In general, the tetrafluoroborate RTILs were obtained in modest yields, while the triflimides were obtained in good yields (Table 2). The low yield of the tetrafluoroborate reactions is probably due to the product being at least partially soluble in water (see experimental for full details). As a result, washing them to remove excess fluoroboric acid certainly resulted in at least some loss of material. It is probable that better yields can be obtained via other metathesis techniques [17,18].
In terms of the physical properties, viscosities and melting points were measured for each compound and are reported in Table 3 [19]. Of the trisubstituted butyl-methyl imidazolium halides, the butyl substituted compound was the only one that was a liquid at room temperature, the others were all solids with melting points around 50 °C. These salts became liquid when the halogen group was replaced with a tetrafluoroborate group. All BF4 compounds were liquids at room temperature with viscosities ranging from 400-1,170 cP. For BBMIM, a triflimide salt was synthesized and its viscosity compared to the other BBMIM compounds (Table 3, entries 2, 3, and 4). As expected, its viscosity (224 cP) was less than both the tetrafluoroborate (400 cP) and bromide (1,760 cP) analogs [20]. For the sake of comparison, 2-butyl-1-ethyl-3-methyl imidazolium iodide (EBMIM I), tetrafluoroborate, and triflimide RTILs were synthesized and the properties measured. It was found that the EBMIM I was a solid with a melting point of 47-55° C. The tetrafluoroborate analog was less viscous (220 cP) than the iodide and the triflimide was even less viscous (48.3 cP). This trend is consistent with the trend observed for the BBMIM RTILs. The regioisomer 1-butyl-2-ethyl-3-methyl imidazolium bromide (BEMIM Br) was synthesized to allow for the comparison of properties with EBMIM I. Like EBMIM I, BEMIM Br was a solid with a similar melting point (46-52° C). It may be beneficial to perform metathesis reaction on BEMIM Br to form its tetrafluoroborate and triflimide salts, and to compare their physical properties to their corresponding EBMIM analogs.

Experimental

General

NMR spectra were collected as solutions in deuterochloroform on either a JEOL 500 or 300 spectrometer. IR spectra were collected on a Varian 800 FTIR as thin films or, for solid samples, neat using an ATR attachment. All solvents and reagents were used as received and all reactions were run in oven-dried glassware under an atmosphere of argon. TLCs were performed on Merck aluminum-backed plates coated with silica and visualized using a UV lamp. Viscosities were measured on a Brookfield DV-E viscometer using materials that had been dried overnight under vacuum at 100 °C. Melting points were measured on a Fisher-Johns hot stage and are uncorrected.

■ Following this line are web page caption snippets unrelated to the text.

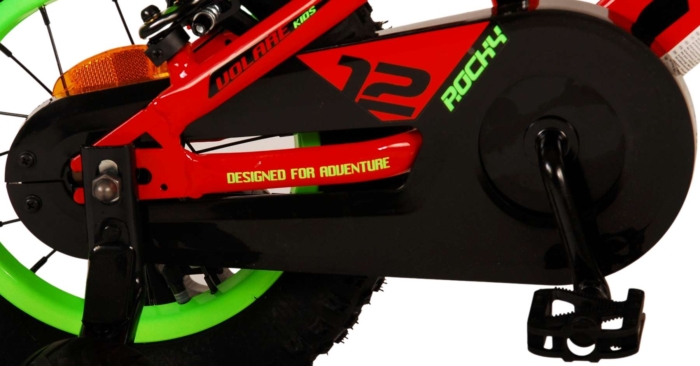 Volare Rocky Kinderfiets - Jongens - 12 inch - Rood - Afbeelding 10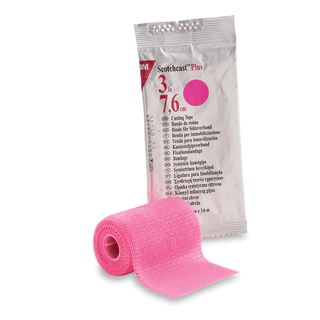 SOLVENTUM SCOTCHCAST PLUS CASTING TAPEPlus Casting Tape, 3" x 4 yds, Rose, 10/cs | Quantity - 1x CS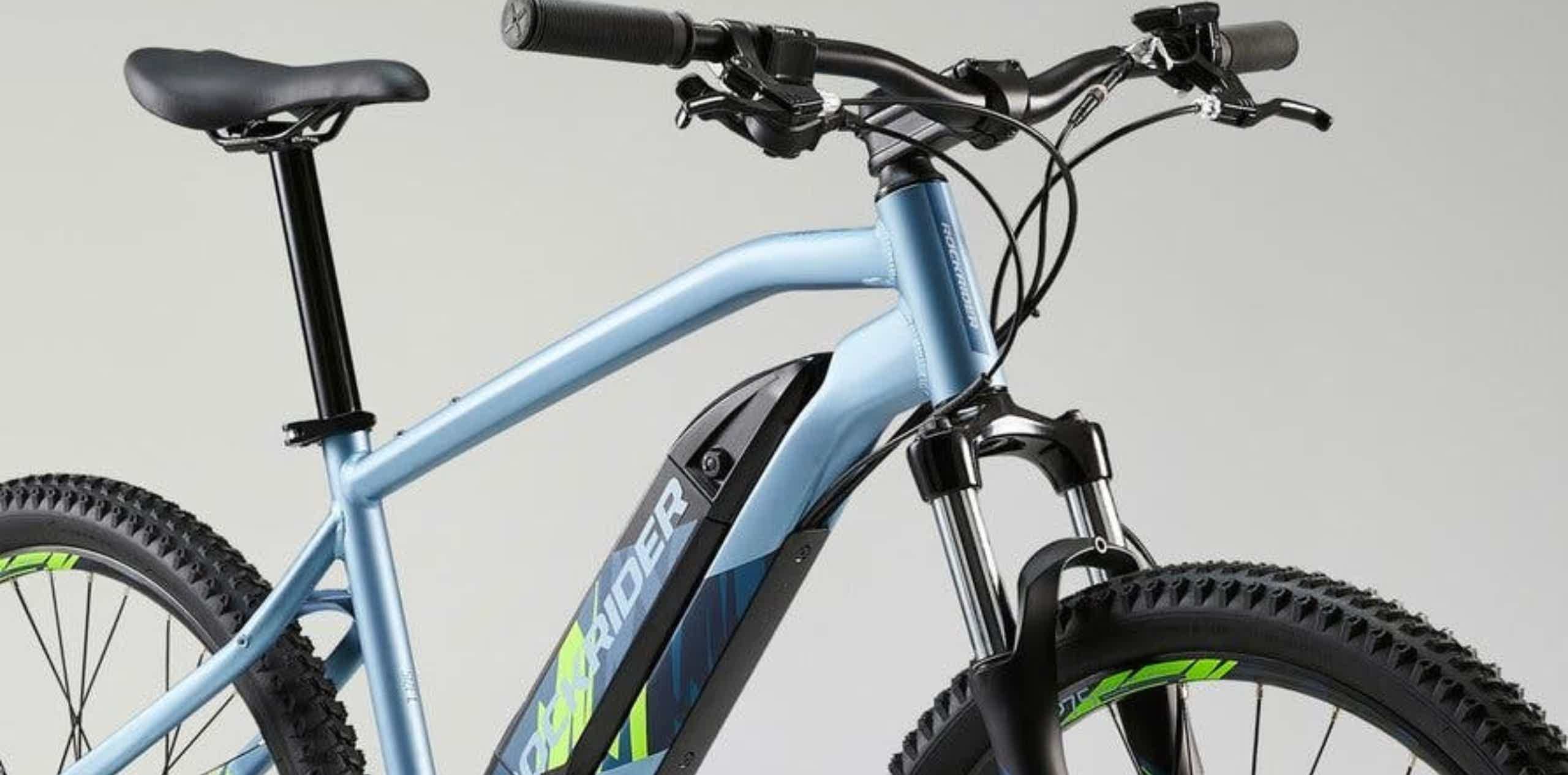 Imagen de recurso de una e-bike de la marca Rockrider.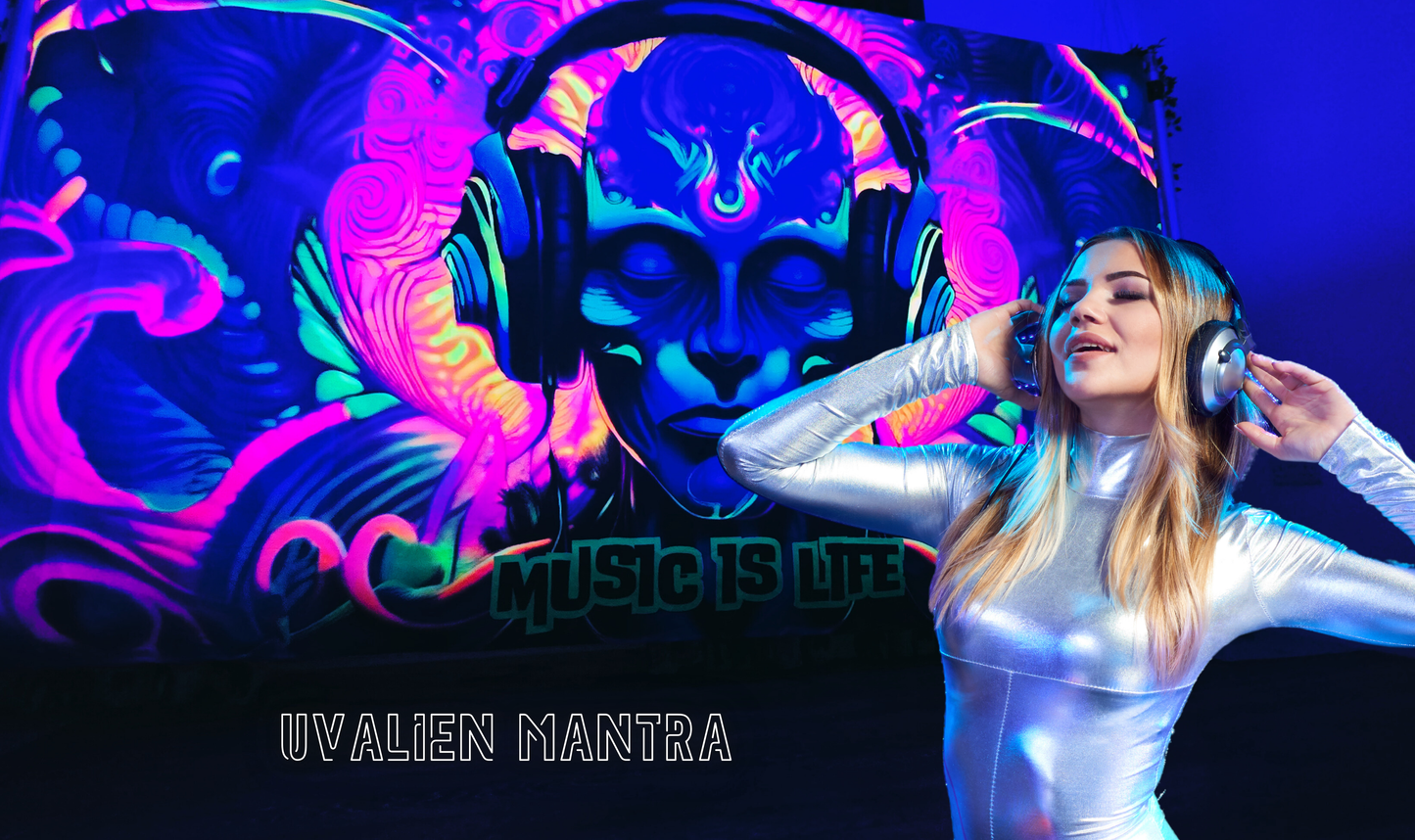 Uv Alien Mantra Giant tapestry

General procedure for the alkylation of 1-butyl-3-methylimidazolium bromide (BMIM Br) with alkyl chlorides

To a stirred solution of BMIM Br (10 g, 45.6 mmol) in acetonitrile (175 mL) was added NaH (60% in mineral oil) (2.18 g, 54.8 mmol). After allowing the mixture to stir for 4 hours, chlorobutane (16.93 g, 182.9 mmol) was added and the reaction was stirred overnight. The solution was filtered to remove any precipitated NaCl and the resulting solution was then evaporated to dryness to afford a red/orange oil. The resulting oil was washed with ether (3 x 75 mL) to remove any excess alkyl halide and the residual volatiles were then removed under vacuum.

Synthesis of 1-butyl-2-ethyl-3-methylimidazolium bromide (BEMIM Br)

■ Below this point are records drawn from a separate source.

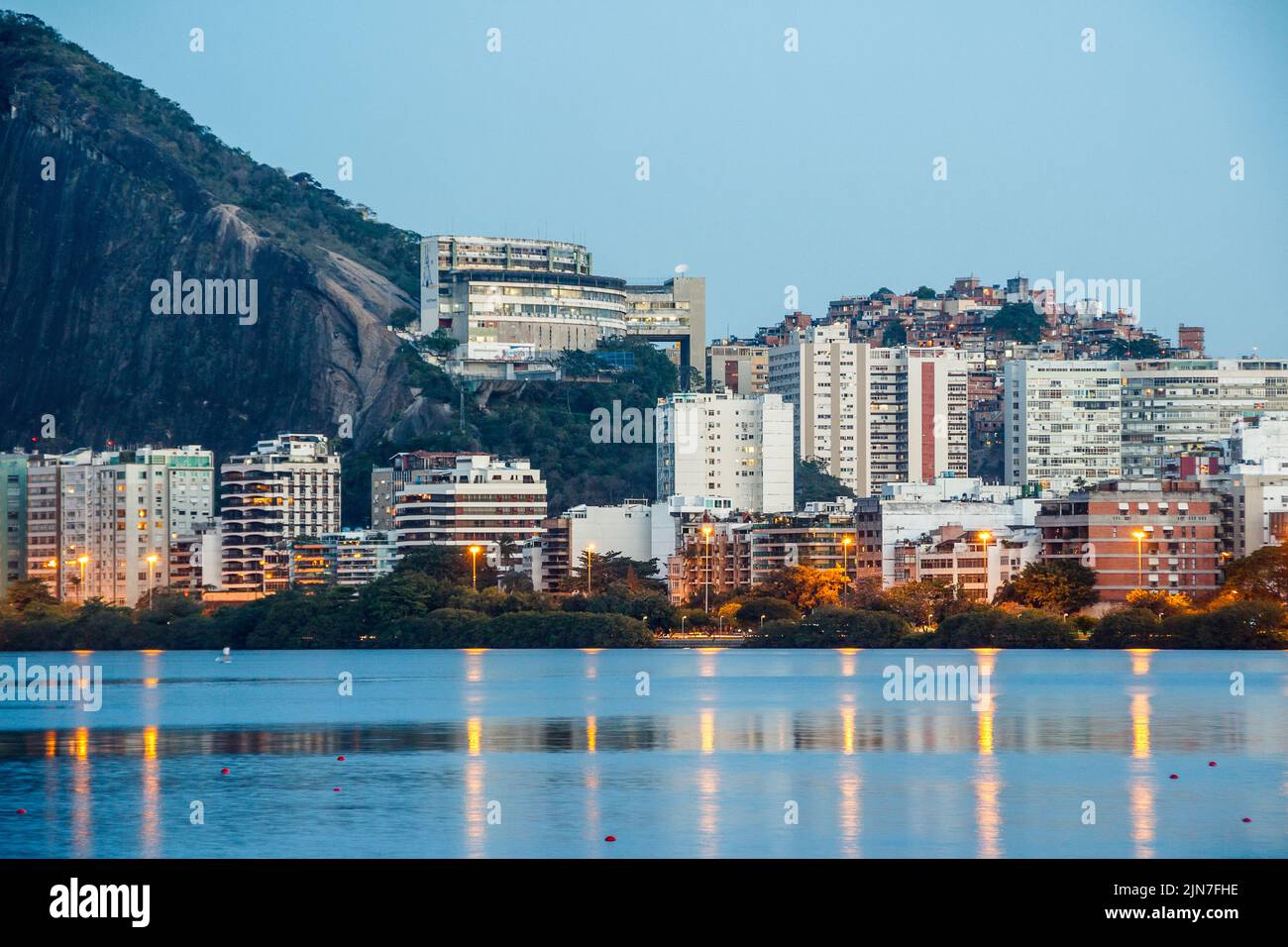 Rodrigo de Freitas Lago rio de janeiro Foto Stock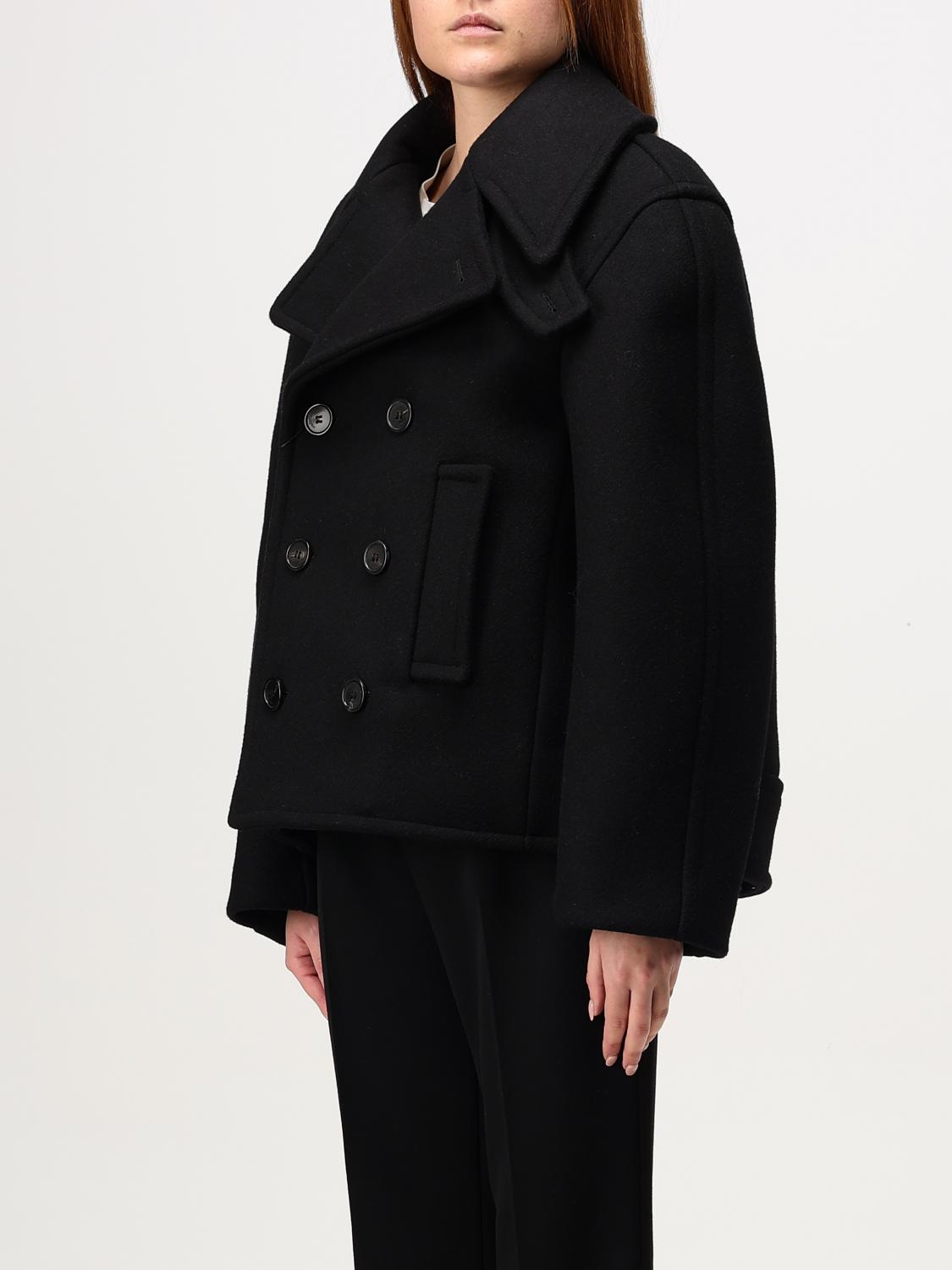 SAINT LAURENT TRENCH: Caban doppiopetto Saint Laurent in lana vergine , Nero - Img 4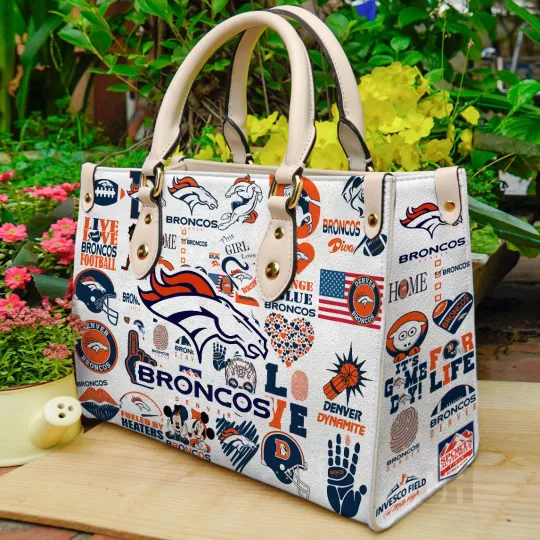 Discover Denver Football Team Broncoss Women Leather Handbag Lovers Gift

To a stirred solution of BMIM Br (1.00 g, 4.56 mmol) in acetonitrile (25 mL) was added NaH (60% in mineral oil) (0.22 g, 5.48 mmol). After allowing the mixture to stir for 4 hours, ethyl bromide (2.00 g, 18.3 mmol) was added and the reaction stirred overnight. The solution was filtered to remove any precipitated NaBr and the resulting solution was then evaporated to dryness to afford a red/orange oil. The resulting oil was washed with ether (3 x 20 mL) to remove any excess alkyl halide and the residual volatiles were then removed under vacuum.

Synthesis of 2-butyl-1-ethyl-3-methylimidazolium iodide (EBMIM I)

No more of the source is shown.